# Umik-1 orientation



## willis7469 (Jan 31, 2014)

Hey guys, I have a seemingly dumb question to ask. I'm wondering if I should situate my umik so it's straight up. My focus right now is measuring my subs, in room at my LP. Being omni directional, makes me think this is right. Fwiw, I've been using my rat shack meter. (With cal file)
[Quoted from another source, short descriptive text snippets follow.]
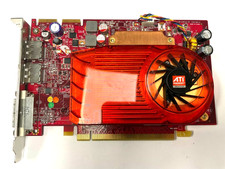 HP AMD Radeon HD 3650 256MB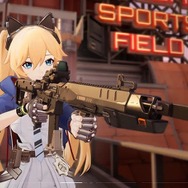 これが令和の『ペーパーマン』？美少女vs美少女な“2次元”ヒーローシューター『CALABIYAU（卡拉彼丘）』が中国で話題沸騰！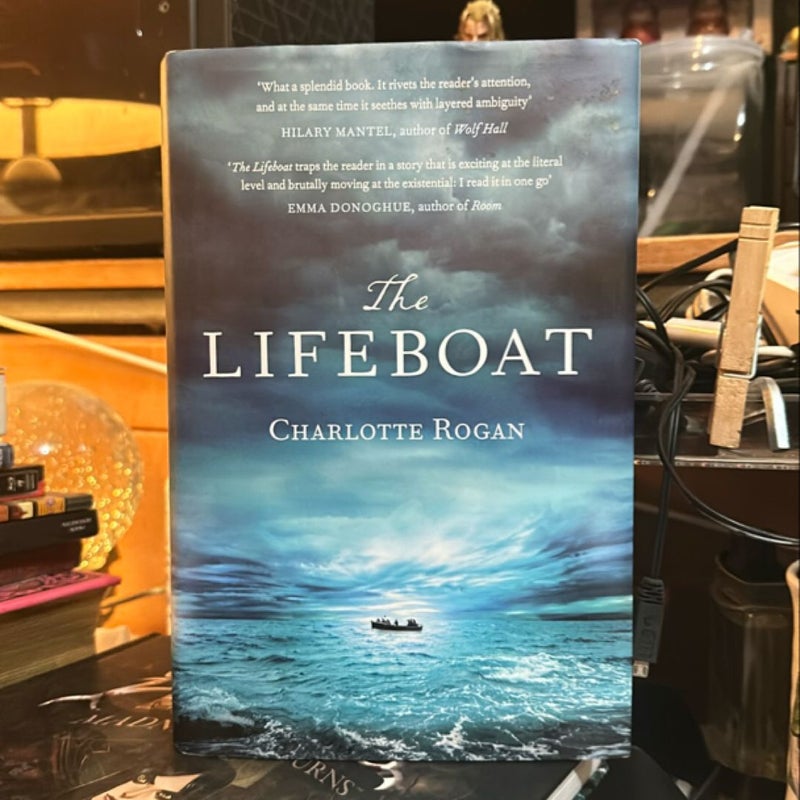 The Lifeboat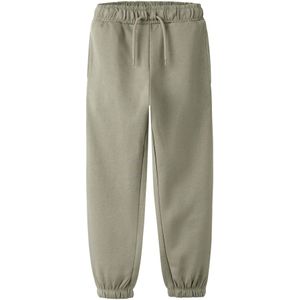 NAME IT Broek  grijs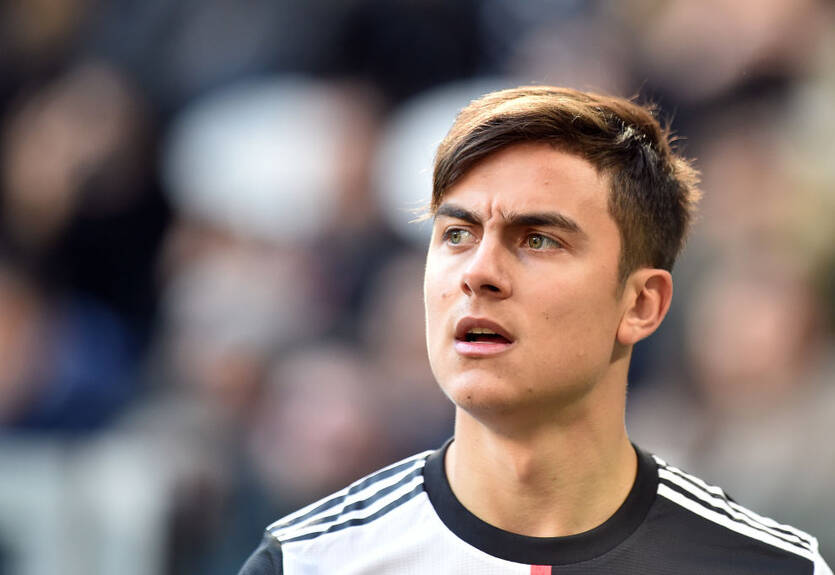 Дибала - о заражении коронавирусом: Мне было очень страшно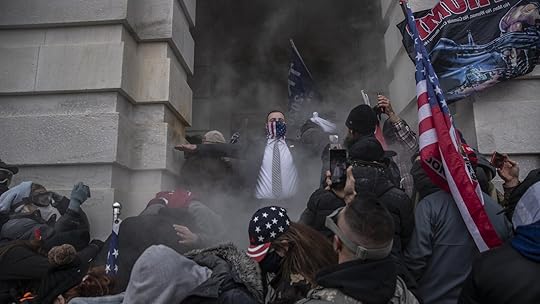 Our President Wants Us Here': The Mob That Stormed the Capitol - The New York Times
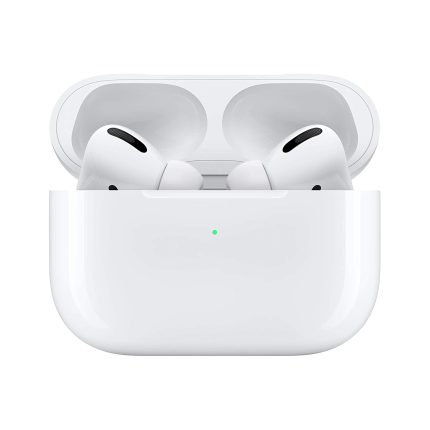 New Apple AirPods Pro with MagSafe Charging Case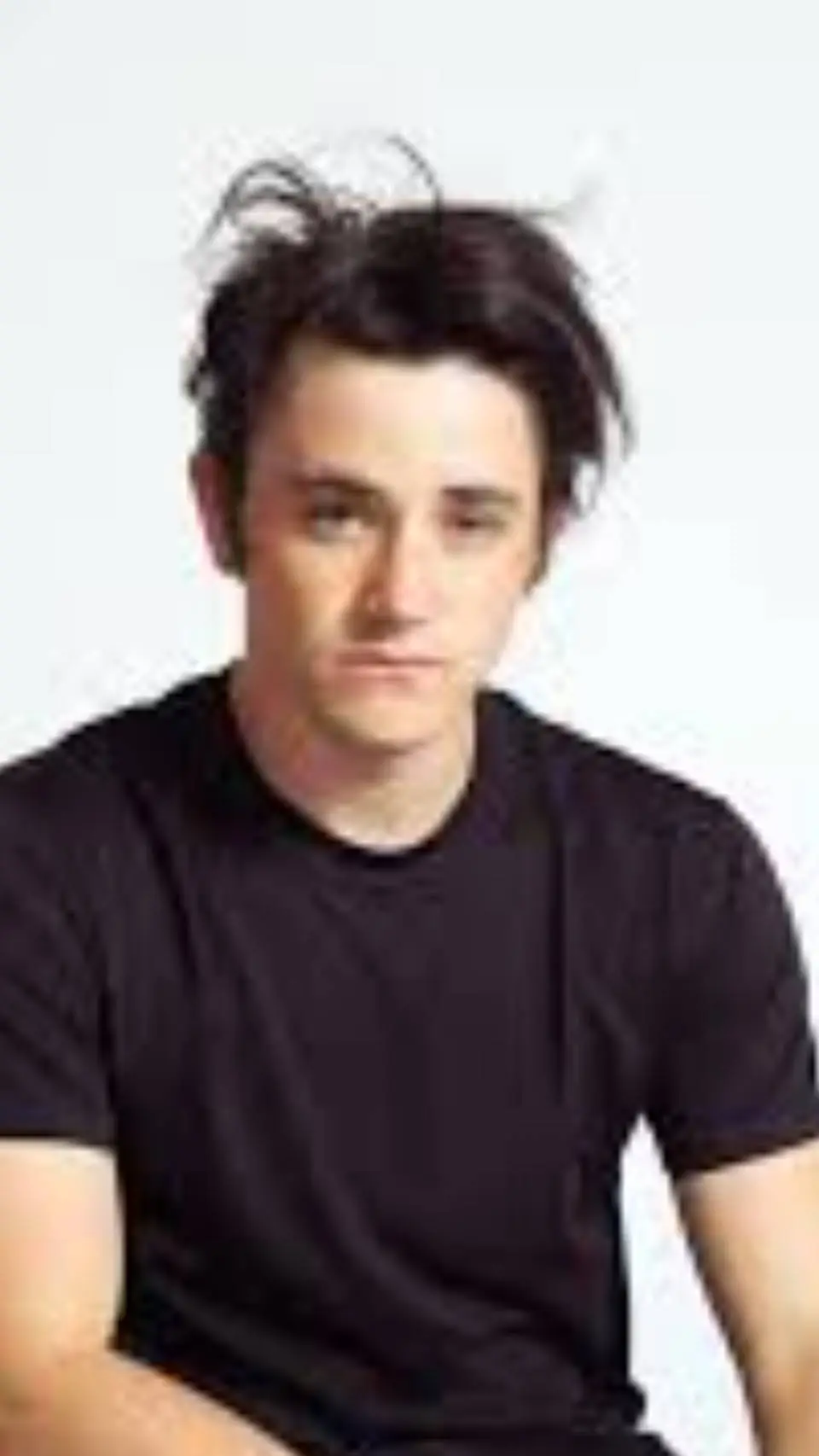 ai character: stromedy background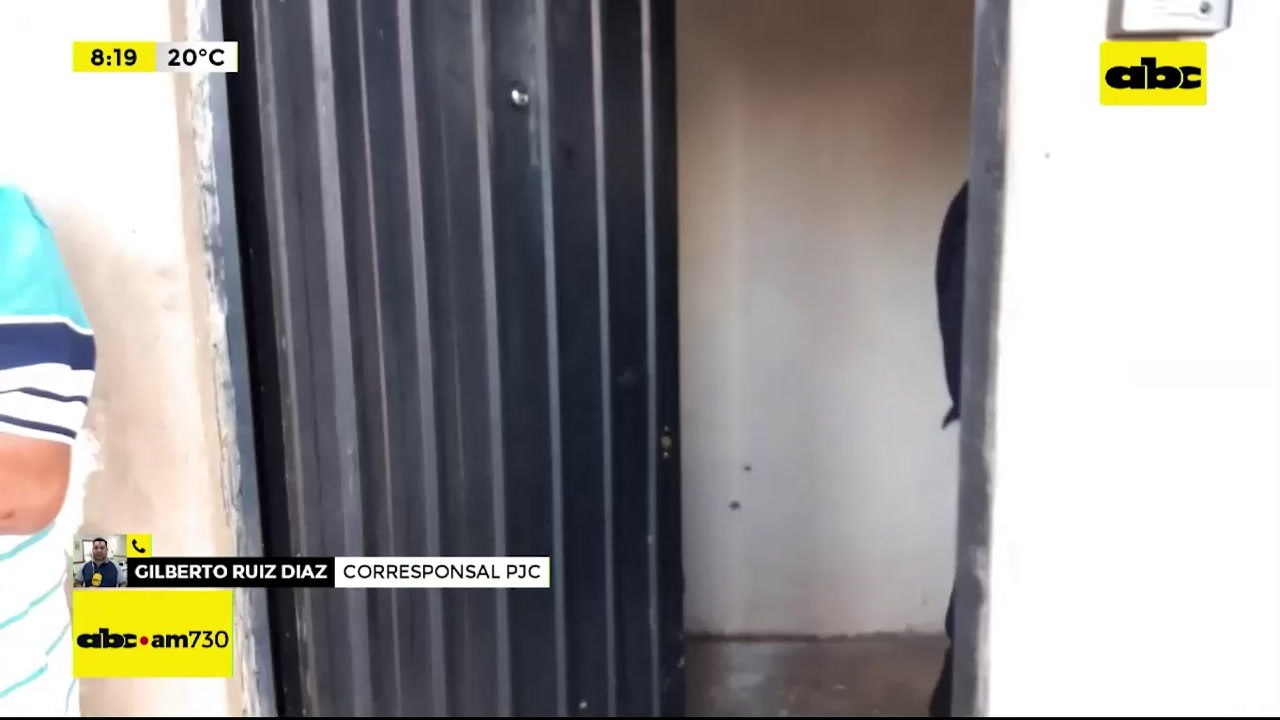 Asesinan a balazos al exdiputado suplente "Chicharõ" Sánchez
p.s. At what point do I need to consider pointing the capsule at the speakers? Individual channel measurements?
Thanks guys.


----------



## JohnM (Apr 11, 2006)

For subs straight up is fine. The UMIK's cal file (from miniDSP) is for the case where you point the mic at what you want to measure, so for individual speakers point the mic towards the speaker.


----------



## Wayne A. Pflughaupt (Apr 13, 2006)

To expound a bit on John’s comments, bass frequencies are omnidirectional so it doesn’t matter where you point the mic when measuring subwoofers. For individual speaker measurements pointing at the speaker gets the most accurate results. Unless the UMIK-1’s calibration specifies otherwise, it was generated for on-axis measurements anyway.

Regards,
Wayne


----------



## willis7469 (Jan 31, 2014)

Thanks john, and Wayne! You're the best.


----------



## panson (Nov 24, 2011)

You will notice different results at different locations. Room effect affects your result although low-freq is ominous-directional.


----------



## panson (Nov 24, 2011)

Typo: omnidirectional


----------